**Work to be completed**.
Would you retype the whole listing exactly, leaving its pictures out?

[Raw data Boundary: Start]

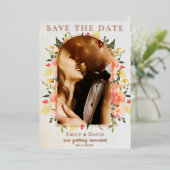 Niedlicher Blumenbogen Foto Hochzeit Sichern Sie d Folieneinladung (Stehend vorne)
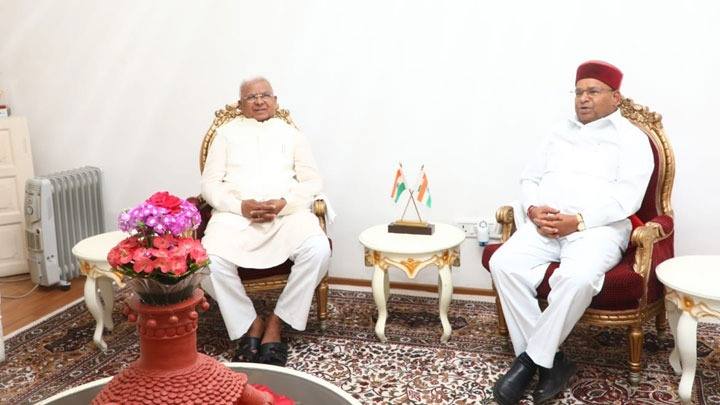 राज्यपाल श्री पटेल से कर्नाटक के राज्यपाल श्री गहलोत ने की सौजन्य भेंट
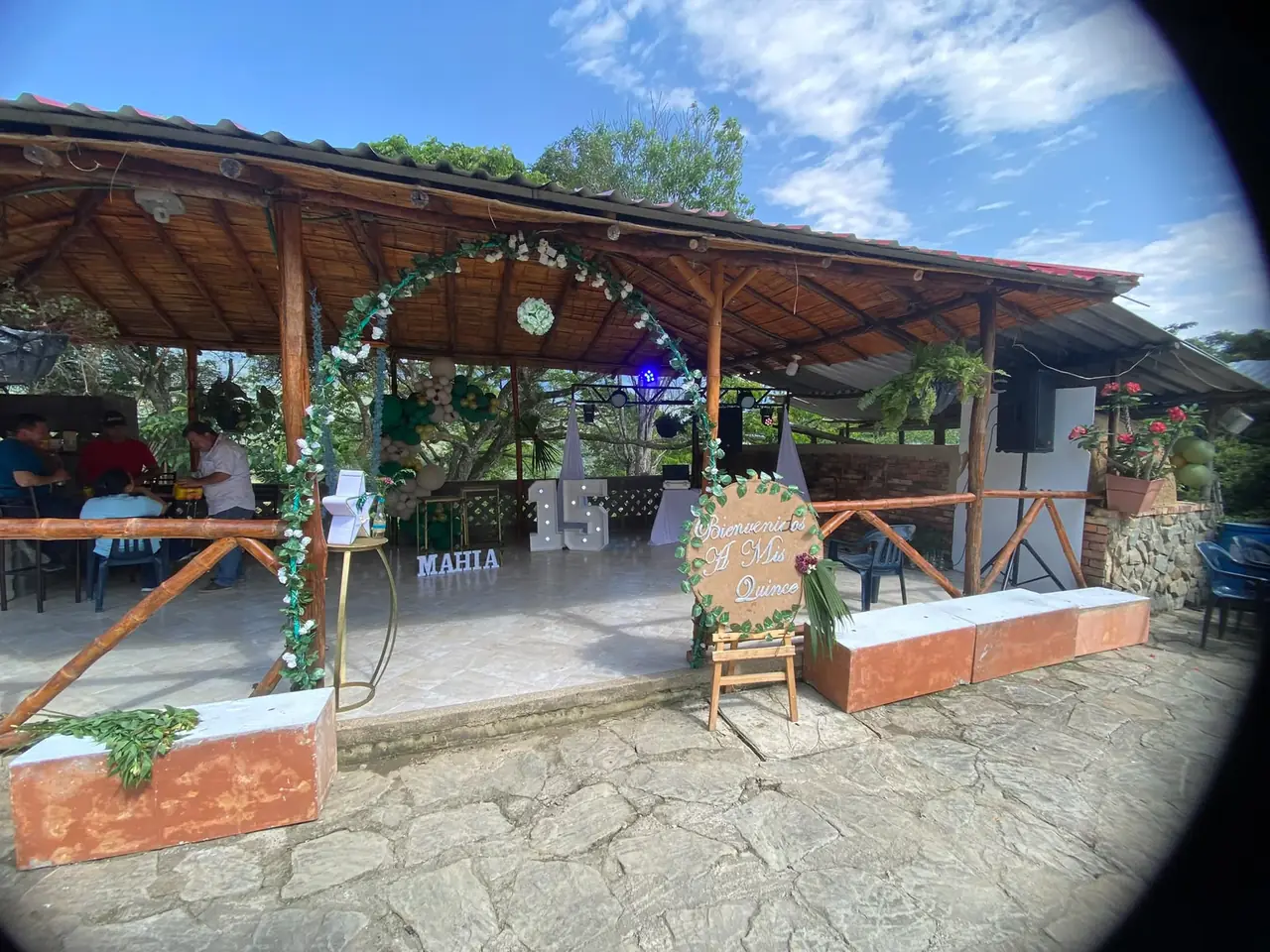 Decoración de celebración en quiosco campestre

[Raw data Boundary: End]

**Answer**.
 Niedlicher Blumenbogen Foto Hochzeit Sichern Sie d Folieneinladung (Stehend vorne)
 राज्यपाल श्री पटेल से कर्नाटक के राज्यपाल श्री गहलोत ने की सौजन्य भेंट
 Decoración de celebración en quiosco campestre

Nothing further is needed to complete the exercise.